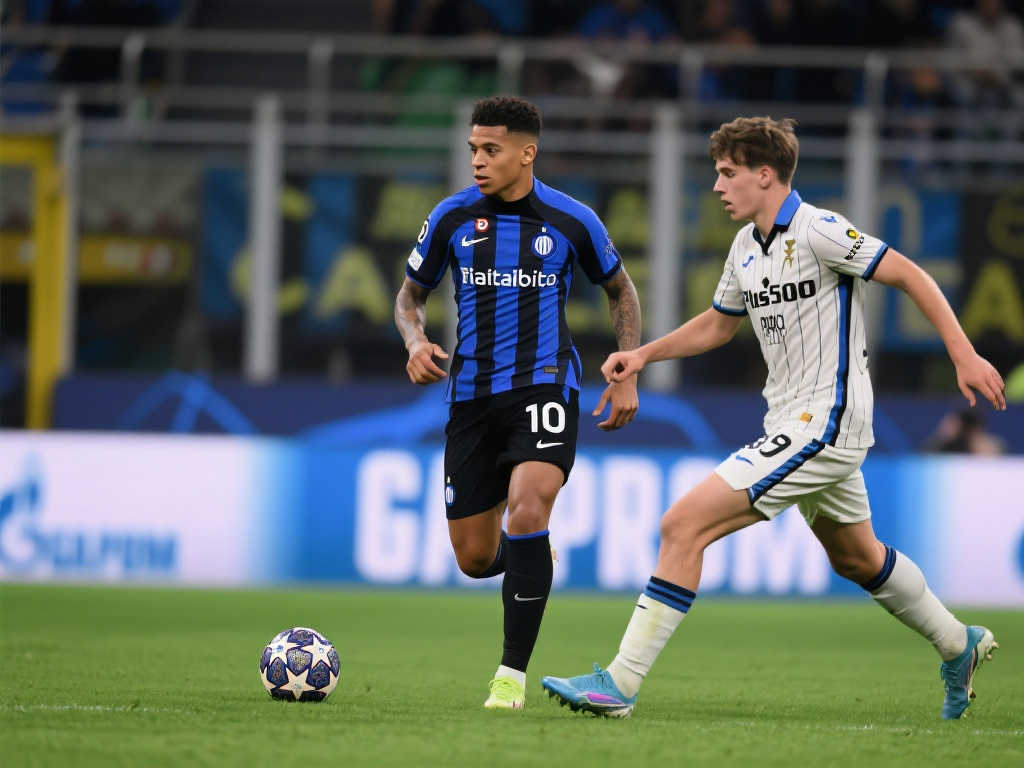 在英超赛场 在英超赛场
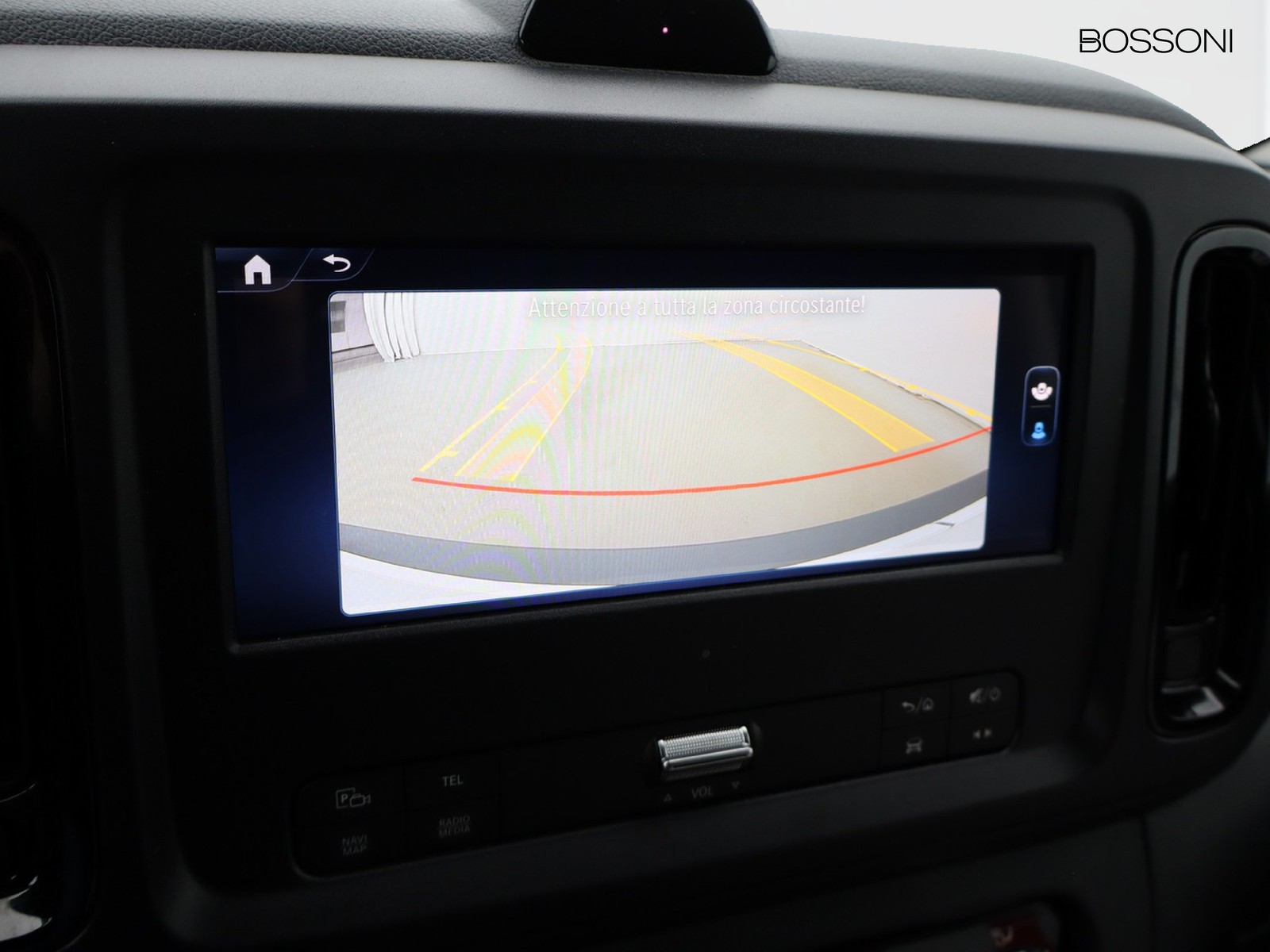 10 - Mercedes Vans Vito furgone 110 cdi long pro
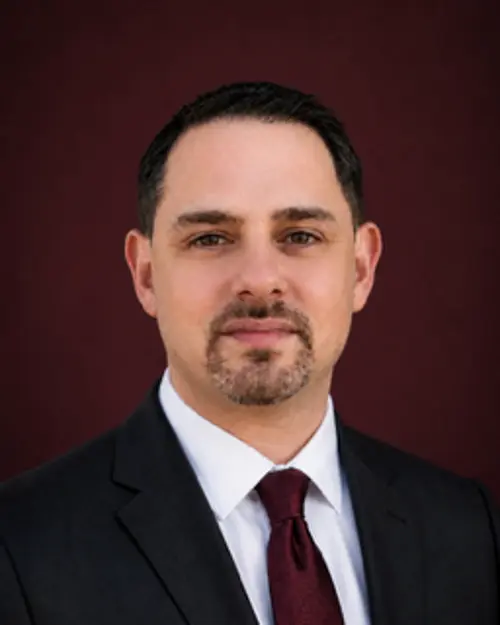 RICHARD STEIN HEADSHOT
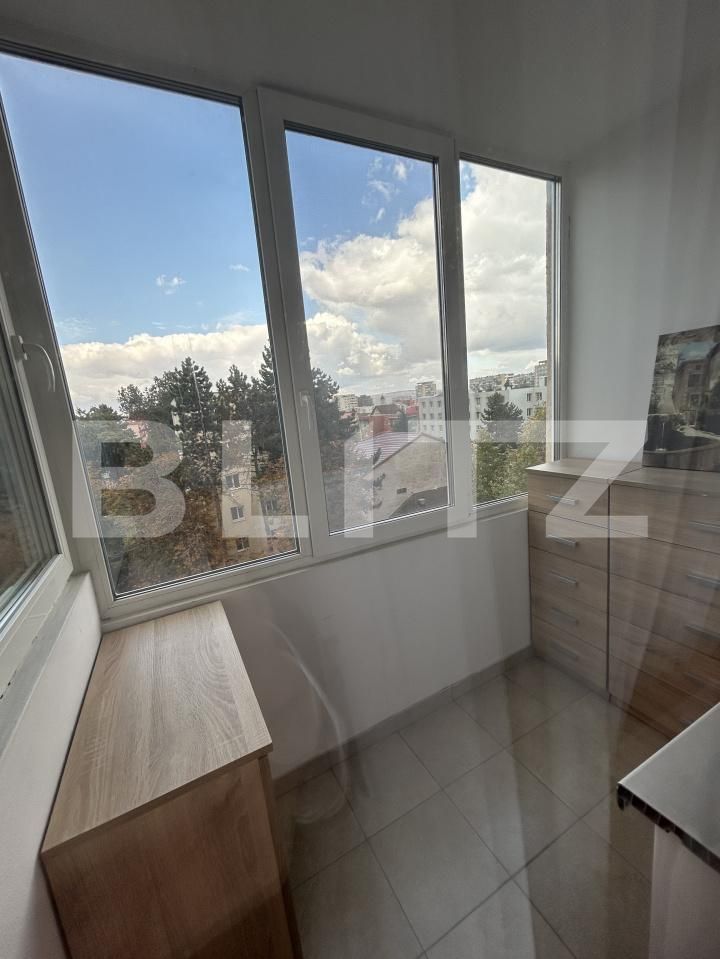 Apartament de închiriat 2 camere Gheorgheni - 208520AI | BLITZ Cluj-Napoca | Poza6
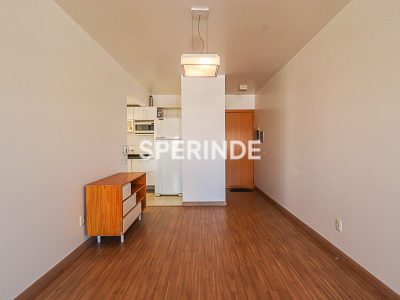 Apartamento para alugar com 71m², 2 quartos, 2 vagas no bairro Boa Vista em Porto Alegre - Foto 4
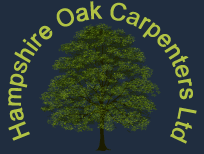 Hampshire Oak Carpenters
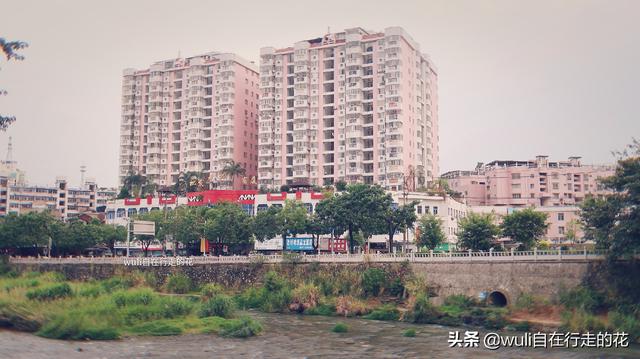 龙岩3天两晚旅游（龙岩新罗区一日一夜旅行攻略）(2)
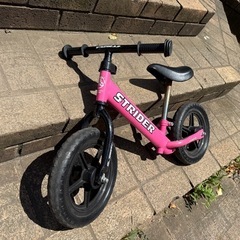 ストライダー　中古の画像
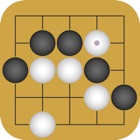 Go Game (囲碁 Igo 바둑 圍棋 Go)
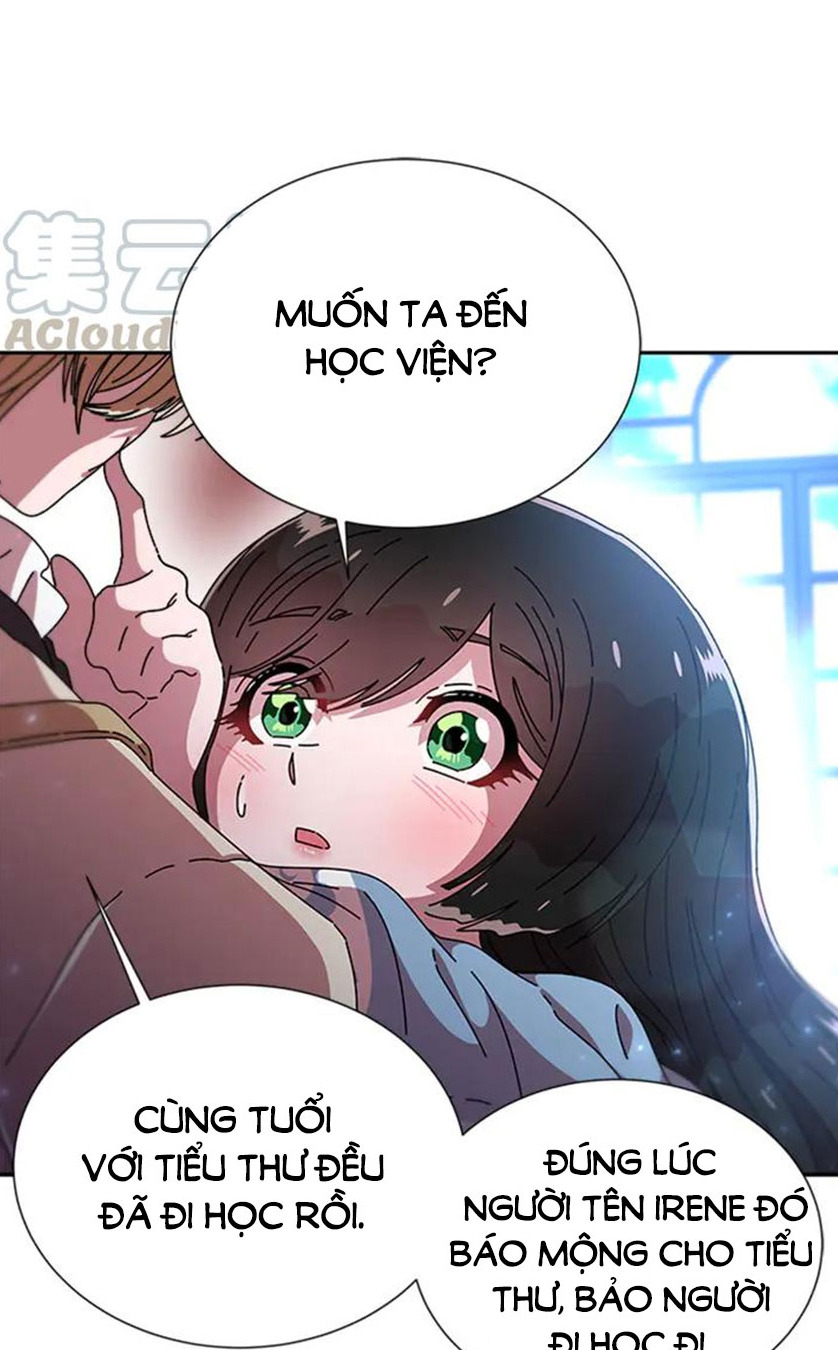 con gái bảo bối của ma vương chapter 77 60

---

- _Required action_: Reproduce the data exactly, please, and omit its pictures.

- _Task result_:
 在英超赛场 在英超赛场
 10 - Mercedes Vans Vito furgone 110 cdi long pro
 RICHARD STEIN HEADSHOT
 Apartament de închiriat 2 camere Gheorgheni - 208520AI | BLITZ Cluj-Napoca | Poza6
 Apartamento para alugar com 71m², 2 quartos, 2 vagas no bairro Boa Vista em Porto Alegre - Foto 4
 Hampshire Oak Carpenters
 龙岩3天两晚旅游（龙岩新罗区一日一夜旅行攻略）(2)
 ストライダー　中古の画像
 Go Game (囲碁 Igo 바둑 圍棋 Go)
 con gái bảo bối của ma vương chapter 77 60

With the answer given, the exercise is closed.